What's wanted here is the full listing below, repeated exactly, with no images in it.

[Opening DATA PROVIDED section]

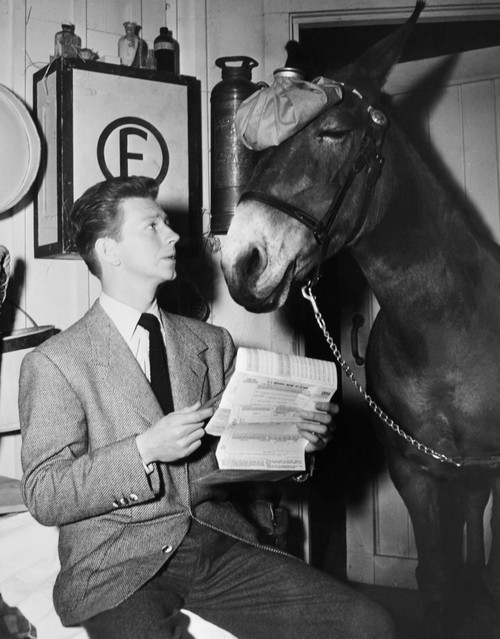 Francis Goes To The Races Still - Item # VAREVCMBDFRGOEC027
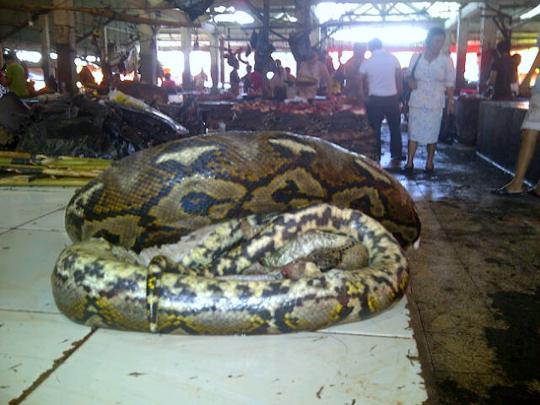 Menengok pasar makanan ekstrem Tomohon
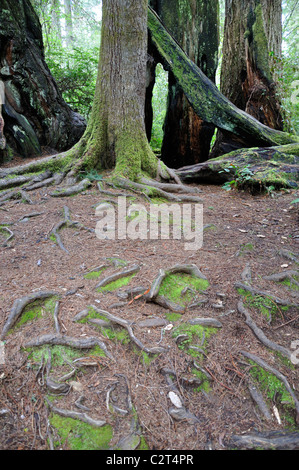 Redwoods National Park, California, USA Banque D'Images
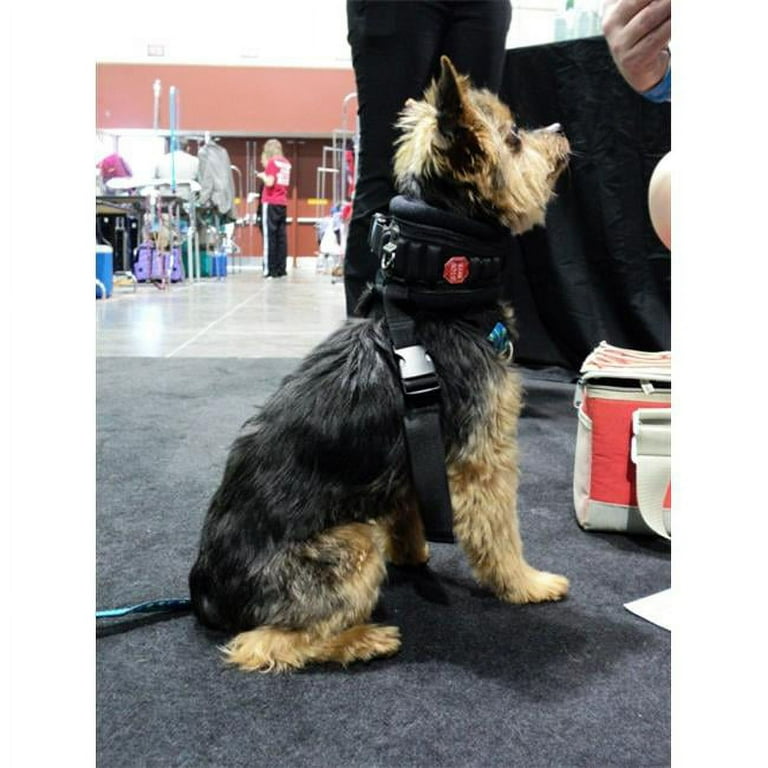 Stop bite hotsell dog collar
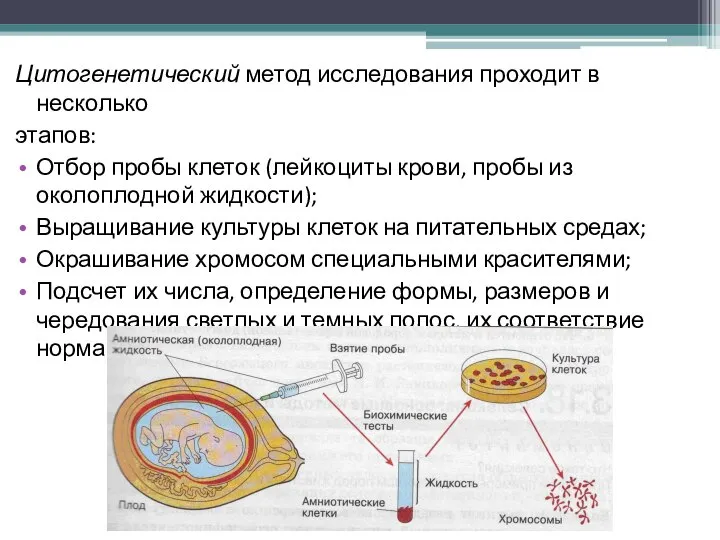 Цитогенетический метод исследования проходит в несколько этапов: Отбор пробы клеток (лейкоциты крови,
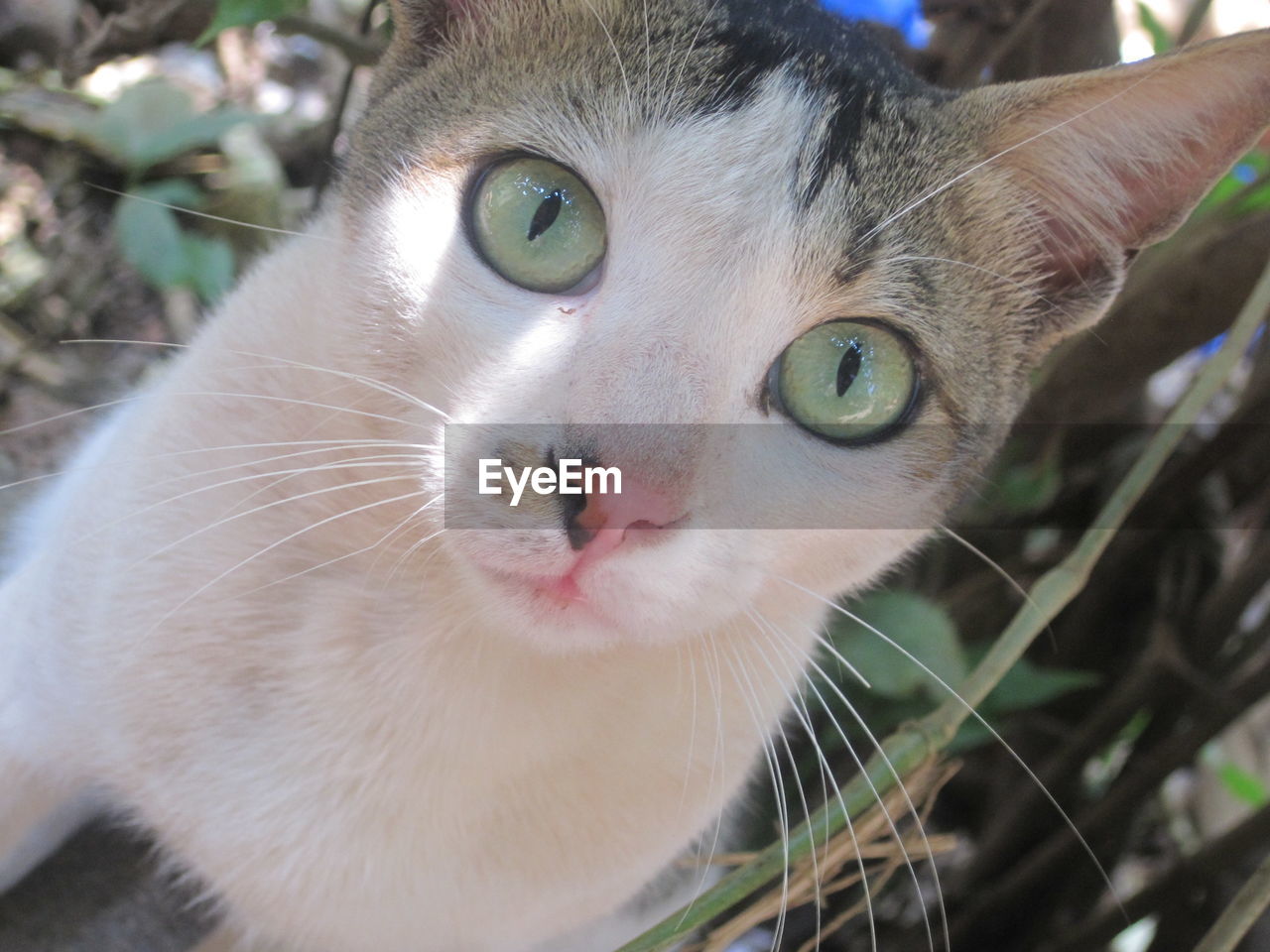 Close-up portrait of cat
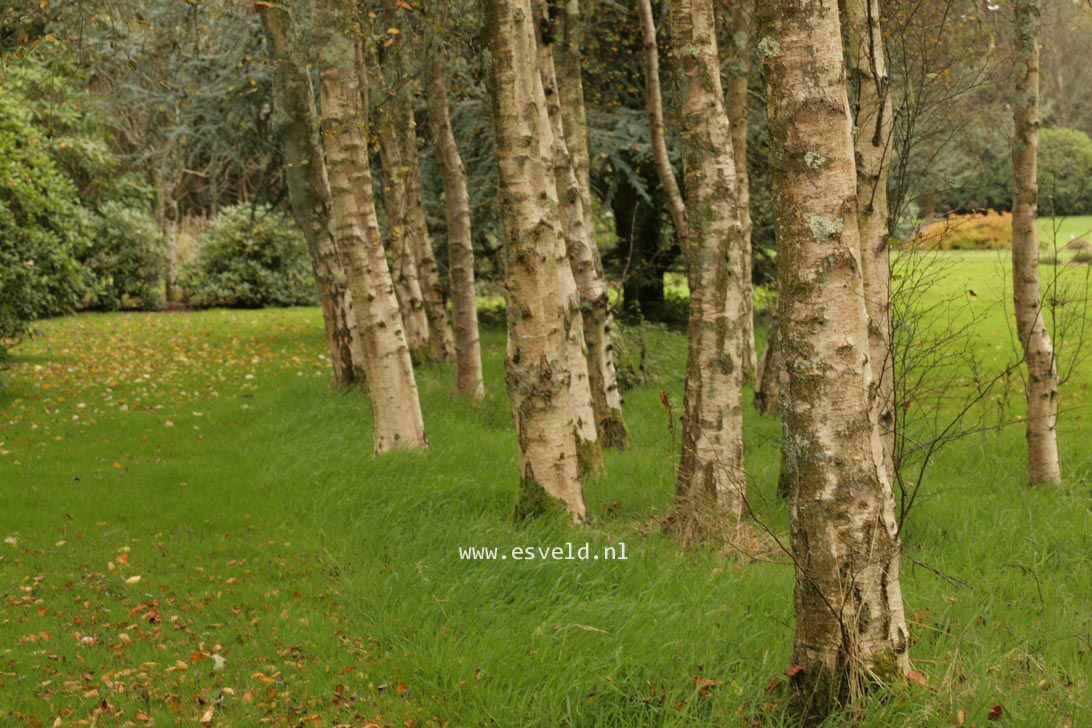 Betula pubescens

[Closing DATA PROVIDED section]

● **REPLY**
 Francis Goes To The Races Still - Item # VAREVCMBDFRGOEC027
 Menengok pasar makanan ekstrem Tomohon
 Redwoods National Park, California, USA Banque D'Images
 Stop bite hotsell dog collar
 Цитогенетический метод исследования проходит в несколько этапов: Отбор пробы клеток (лейкоциты крови,
 Close-up portrait of cat
 Betula pubescens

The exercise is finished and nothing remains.